*What is being asked*. A faithful copy of each record is required, minus the images.

[Records from a data source]
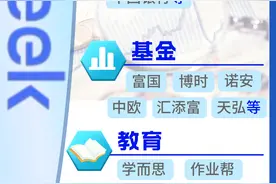 财经读图 | 2025资本圈被DeepSeek彻底点燃图片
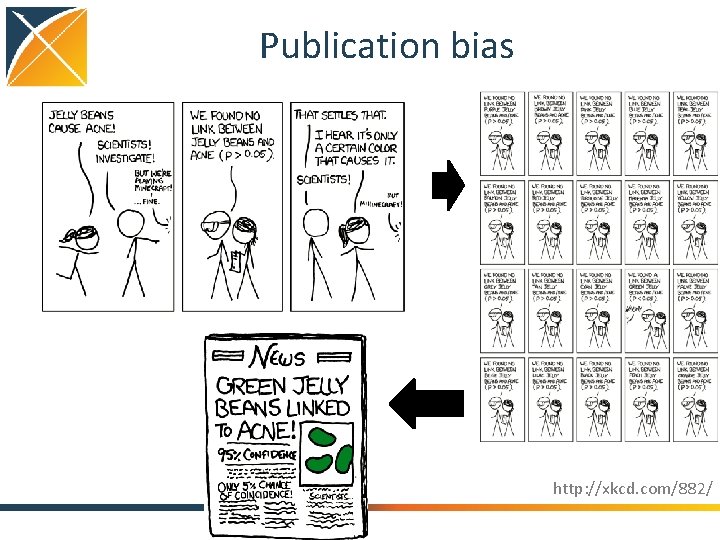 Publication bias http: //xkcd. com/882/ 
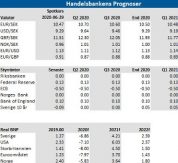 Handelsbankens prognoser om valutahandel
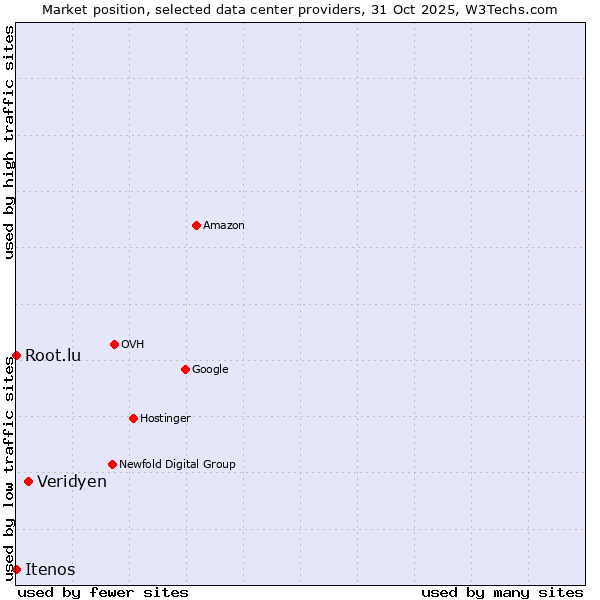 Market position of Veridyen vs. Root.lu vs. Itenos
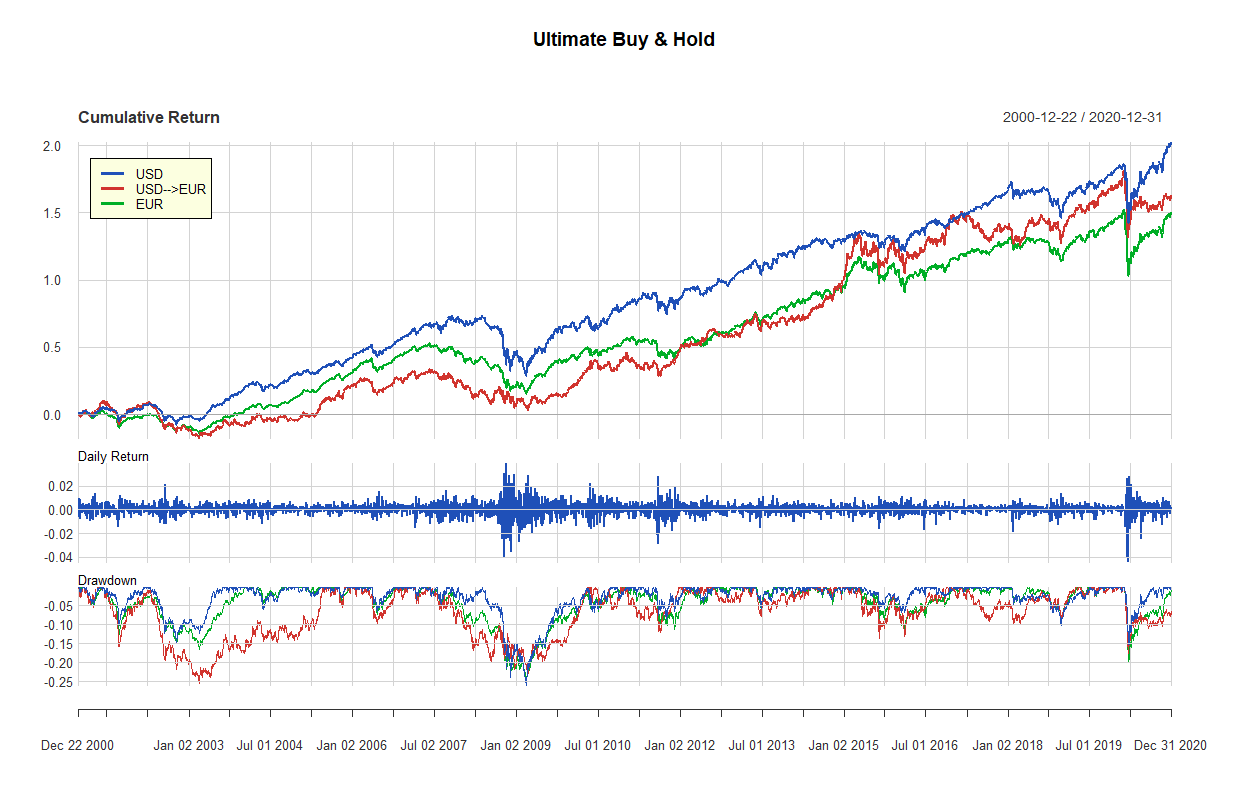 37 ultimate buy and hold 2000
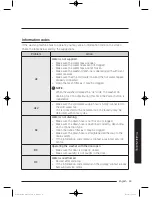 Preview for 53 page of Samsung WD80J6 series User Manual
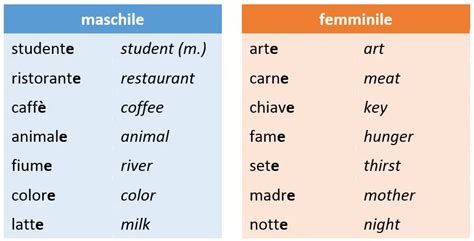 is sport masculine or feminine in italian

*Result for this task*.
 财经读图 | 2025资本圈被DeepSeek彻底点燃图片
 Publication bias http: //xkcd. com/882/ 
 Handelsbankens prognoser om valutahandel
 Market position of Veridyen vs. Root.lu vs. Itenos
 37 ultimate buy and hold 2000
 Preview for 53 page of Samsung WD80J6 series User Manual
 is sport masculine or feminine in italian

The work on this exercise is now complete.